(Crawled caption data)
----
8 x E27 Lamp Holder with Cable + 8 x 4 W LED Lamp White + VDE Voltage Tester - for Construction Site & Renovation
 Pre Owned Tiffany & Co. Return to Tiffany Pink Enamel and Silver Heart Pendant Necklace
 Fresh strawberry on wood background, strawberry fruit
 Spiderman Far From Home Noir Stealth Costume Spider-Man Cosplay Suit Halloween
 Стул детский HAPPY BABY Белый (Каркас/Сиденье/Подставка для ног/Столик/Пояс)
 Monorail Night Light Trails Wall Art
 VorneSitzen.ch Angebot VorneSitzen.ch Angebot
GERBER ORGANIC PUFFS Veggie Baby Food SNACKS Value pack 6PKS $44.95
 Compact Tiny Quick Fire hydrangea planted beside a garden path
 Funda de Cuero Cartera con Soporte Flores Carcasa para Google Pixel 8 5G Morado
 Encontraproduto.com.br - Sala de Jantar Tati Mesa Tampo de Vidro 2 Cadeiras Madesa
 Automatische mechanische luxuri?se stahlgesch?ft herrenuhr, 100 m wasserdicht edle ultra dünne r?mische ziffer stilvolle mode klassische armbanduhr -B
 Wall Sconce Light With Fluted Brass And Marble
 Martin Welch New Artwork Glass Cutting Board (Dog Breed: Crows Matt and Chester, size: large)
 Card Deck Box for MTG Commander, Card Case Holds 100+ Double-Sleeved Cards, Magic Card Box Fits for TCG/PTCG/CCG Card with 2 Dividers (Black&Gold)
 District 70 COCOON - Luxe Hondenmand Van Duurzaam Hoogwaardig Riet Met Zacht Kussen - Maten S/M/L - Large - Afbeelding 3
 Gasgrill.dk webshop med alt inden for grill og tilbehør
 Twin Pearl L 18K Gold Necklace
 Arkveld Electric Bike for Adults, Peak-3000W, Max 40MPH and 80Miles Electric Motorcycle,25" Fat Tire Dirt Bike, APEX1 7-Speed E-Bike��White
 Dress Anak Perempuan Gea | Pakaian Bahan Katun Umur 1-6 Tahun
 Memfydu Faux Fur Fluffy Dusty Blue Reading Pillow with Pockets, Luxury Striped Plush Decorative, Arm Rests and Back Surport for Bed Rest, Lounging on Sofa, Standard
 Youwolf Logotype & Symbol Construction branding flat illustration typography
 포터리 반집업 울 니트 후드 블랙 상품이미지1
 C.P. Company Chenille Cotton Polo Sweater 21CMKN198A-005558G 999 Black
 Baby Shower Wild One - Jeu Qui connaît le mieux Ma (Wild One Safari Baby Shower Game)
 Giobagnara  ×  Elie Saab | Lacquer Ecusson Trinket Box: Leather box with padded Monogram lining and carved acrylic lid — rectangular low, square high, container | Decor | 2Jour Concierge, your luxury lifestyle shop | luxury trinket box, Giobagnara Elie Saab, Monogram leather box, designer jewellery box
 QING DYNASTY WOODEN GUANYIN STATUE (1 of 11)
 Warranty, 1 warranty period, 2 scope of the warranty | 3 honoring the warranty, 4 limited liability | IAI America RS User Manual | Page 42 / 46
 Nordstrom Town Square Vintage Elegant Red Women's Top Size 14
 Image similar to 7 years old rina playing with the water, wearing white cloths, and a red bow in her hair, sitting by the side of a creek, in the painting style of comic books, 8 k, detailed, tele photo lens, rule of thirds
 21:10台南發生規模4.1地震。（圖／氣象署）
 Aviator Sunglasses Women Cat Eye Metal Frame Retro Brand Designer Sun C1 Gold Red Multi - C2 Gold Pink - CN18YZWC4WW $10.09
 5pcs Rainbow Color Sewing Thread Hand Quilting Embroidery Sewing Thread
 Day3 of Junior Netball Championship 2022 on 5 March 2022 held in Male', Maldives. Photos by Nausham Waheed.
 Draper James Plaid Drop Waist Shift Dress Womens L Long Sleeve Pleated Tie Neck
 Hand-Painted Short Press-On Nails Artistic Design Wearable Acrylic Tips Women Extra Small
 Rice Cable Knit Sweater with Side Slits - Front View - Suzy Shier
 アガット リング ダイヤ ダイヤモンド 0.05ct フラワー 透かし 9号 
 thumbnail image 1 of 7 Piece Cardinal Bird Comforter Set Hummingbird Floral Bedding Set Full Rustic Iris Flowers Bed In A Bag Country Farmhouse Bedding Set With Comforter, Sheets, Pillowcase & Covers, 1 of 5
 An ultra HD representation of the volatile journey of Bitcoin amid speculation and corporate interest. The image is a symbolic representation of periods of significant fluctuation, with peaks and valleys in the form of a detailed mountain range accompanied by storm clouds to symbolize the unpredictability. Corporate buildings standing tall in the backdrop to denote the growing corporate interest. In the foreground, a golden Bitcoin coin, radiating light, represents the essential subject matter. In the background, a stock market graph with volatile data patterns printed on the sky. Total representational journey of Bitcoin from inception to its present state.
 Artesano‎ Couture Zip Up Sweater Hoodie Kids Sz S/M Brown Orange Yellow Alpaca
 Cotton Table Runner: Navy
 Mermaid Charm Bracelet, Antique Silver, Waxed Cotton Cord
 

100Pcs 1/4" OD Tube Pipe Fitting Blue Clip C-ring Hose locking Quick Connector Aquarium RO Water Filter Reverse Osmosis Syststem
----
*What to do*:
Exactly repeat the lines above, from the opening line through the one with "Dress Anak Perempuan", and include nothing else.

*Reply*:
8 x E27 Lamp Holder with Cable + 8 x 4 W LED Lamp White + VDE Voltage Tester - for Construction Site & Renovation
 Pre Owned Tiffany & Co. Return to Tiffany Pink Enamel and Silver Heart Pendant Necklace
 Fresh strawberry on wood background, strawberry fruit
 Spiderman Far From Home Noir Stealth Costume Spider-Man Cosplay Suit Halloween
 Стул детский HAPPY BABY Белый (Каркас/Сиденье/Подставка для ног/Столик/Пояс)
 Monorail Night Light Trails Wall Art
 VorneSitzen.ch Angebot VorneSitzen.ch Angebot
GERBER ORGANIC PUFFS Veggie Baby Food SNACKS Value pack 6PKS $44.95
 Compact Tiny Quick Fire hydrangea planted beside a garden path
 Funda de Cuero Cartera con Soporte Flores Carcasa para Google Pixel 8 5G Morado
 Encontraproduto.com.br - Sala de Jantar Tati Mesa Tampo de Vidro 2 Cadeiras Madesa
 Automatische mechanische luxuri?se stahlgesch?ft herrenuhr, 100 m wasserdicht edle ultra dünne r?mische ziffer stilvolle mode klassische armbanduhr -B
 Wall Sconce Light With Fluted Brass And Marble
 Martin Welch New Artwork Glass Cutting Board (Dog Breed: Crows Matt and Chester, size: large)
 Card Deck Box for MTG Commander, Card Case Holds 100+ Double-Sleeved Cards, Magic Card Box Fits for TCG/PTCG/CCG Card with 2 Dividers (Black&Gold)
 District 70 COCOON - Luxe Hondenmand Van Duurzaam Hoogwaardig Riet Met Zacht Kussen - Maten S/M/L - Large - Afbeelding 3
 Gasgrill.dk webshop med alt inden for grill og tilbehør
 Twin Pearl L 18K Gold Necklace
 Arkveld Electric Bike for Adults, Peak-3000W, Max 40MPH and 80Miles Electric Motorcycle,25" Fat Tire Dirt Bike, APEX1 7-Speed E-Bike��White
 Dress Anak Perempuan Gea | Pakaian Bahan Katun Umur 1-6 Tahun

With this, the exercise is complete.